ECLI:NL:CRVB:2006:AZ4119
Centrale Raad van Beroep
- Hoger beroep
- Rechtspraak.nl
Intrekking van WAO-uitkering en beoordeling van psychische beperkingen
In deze zaak gaat het om het hoger beroep van appellant tegen de uitspraak van de rechtbank ’s-Gravenhage, die op 20 oktober 2004 het beroep ongegrond verklaarde. Appellant had bezwaar gemaakt tegen het besluit van het Uitvoeringsinstituut werknemersverzekeringen (Uwv) van 22 maart 2004, waarbij zijn WAO-uitkering per 14 februari 2003 werd ingetrokken. De Centrale Raad van Beroep heeft op 8 december 2006 uitspraak gedaan.

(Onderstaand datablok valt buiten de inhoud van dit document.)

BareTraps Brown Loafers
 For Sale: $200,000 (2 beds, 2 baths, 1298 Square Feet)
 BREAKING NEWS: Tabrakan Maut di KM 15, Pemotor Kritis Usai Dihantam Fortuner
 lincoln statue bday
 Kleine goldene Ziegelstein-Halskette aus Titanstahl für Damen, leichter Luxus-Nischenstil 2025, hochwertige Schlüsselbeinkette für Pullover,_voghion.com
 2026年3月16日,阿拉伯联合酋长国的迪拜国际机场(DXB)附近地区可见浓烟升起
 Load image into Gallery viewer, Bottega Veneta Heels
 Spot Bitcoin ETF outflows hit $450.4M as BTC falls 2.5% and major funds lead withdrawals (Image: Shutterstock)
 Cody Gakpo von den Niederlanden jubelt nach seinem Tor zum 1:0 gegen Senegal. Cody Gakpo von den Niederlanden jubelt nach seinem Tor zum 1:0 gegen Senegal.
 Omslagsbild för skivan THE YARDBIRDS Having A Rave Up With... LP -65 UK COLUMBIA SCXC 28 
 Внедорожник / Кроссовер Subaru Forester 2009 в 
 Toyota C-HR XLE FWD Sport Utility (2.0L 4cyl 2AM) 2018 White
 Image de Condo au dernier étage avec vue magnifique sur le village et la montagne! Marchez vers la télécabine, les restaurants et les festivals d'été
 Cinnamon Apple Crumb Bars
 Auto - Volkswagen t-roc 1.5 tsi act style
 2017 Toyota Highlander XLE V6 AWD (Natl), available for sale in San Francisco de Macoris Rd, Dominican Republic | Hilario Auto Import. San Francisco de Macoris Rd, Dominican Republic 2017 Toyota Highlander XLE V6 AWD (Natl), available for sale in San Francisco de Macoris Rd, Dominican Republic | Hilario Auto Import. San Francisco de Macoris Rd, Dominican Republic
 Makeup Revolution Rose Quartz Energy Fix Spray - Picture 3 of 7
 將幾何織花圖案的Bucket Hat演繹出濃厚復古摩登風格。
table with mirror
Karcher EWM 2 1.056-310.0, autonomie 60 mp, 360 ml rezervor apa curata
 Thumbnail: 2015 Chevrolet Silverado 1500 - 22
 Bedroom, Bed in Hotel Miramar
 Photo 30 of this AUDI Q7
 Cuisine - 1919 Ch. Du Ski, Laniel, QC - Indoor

De Raad overweegt dat de bezwaarverzekeringsarts geen aanknopingspunten heeft gevonden voor de stelling dat de verzekeringsarts de beperkingen van appellant niet correct heeft vastgesteld. De informatie van de huisarts, de zenuwarts en de psycholoog biedt geen basis voor een andere conclusie. De Raad bevestigt de bevindingen van de rechtbank en oordeelt dat de bezwaarverzekeringsarts zijn oordeel op zorgvuldige wijze heeft gevormd.
Appellant heeft verzocht om een deskundige te benoemen voor een psychologisch onderzoek, omdat hij meent dat zijn psychische beperkingen niet goed zijn ingeschat. De Raad ziet echter geen aanleiding voor een dergelijk onderzoek, aangezien appellant niet heeft aangetoond dat de eerdere beoordelingen gebrekkig of onjuist zijn. De Raad concludeert dat appellant in staat is om de hem voorgehouden functies te vervullen, waarbij de eisen aan taalvaardigheid en opleidingsniveau niet boven de eisen van zijn eerdere functies uitgaan.
De Centrale Raad van Beroep bevestigt de uitspraak van de rechtbank en wijst het hoger beroep van appellant af. Er is geen aanleiding voor een proceskostenveroordeling.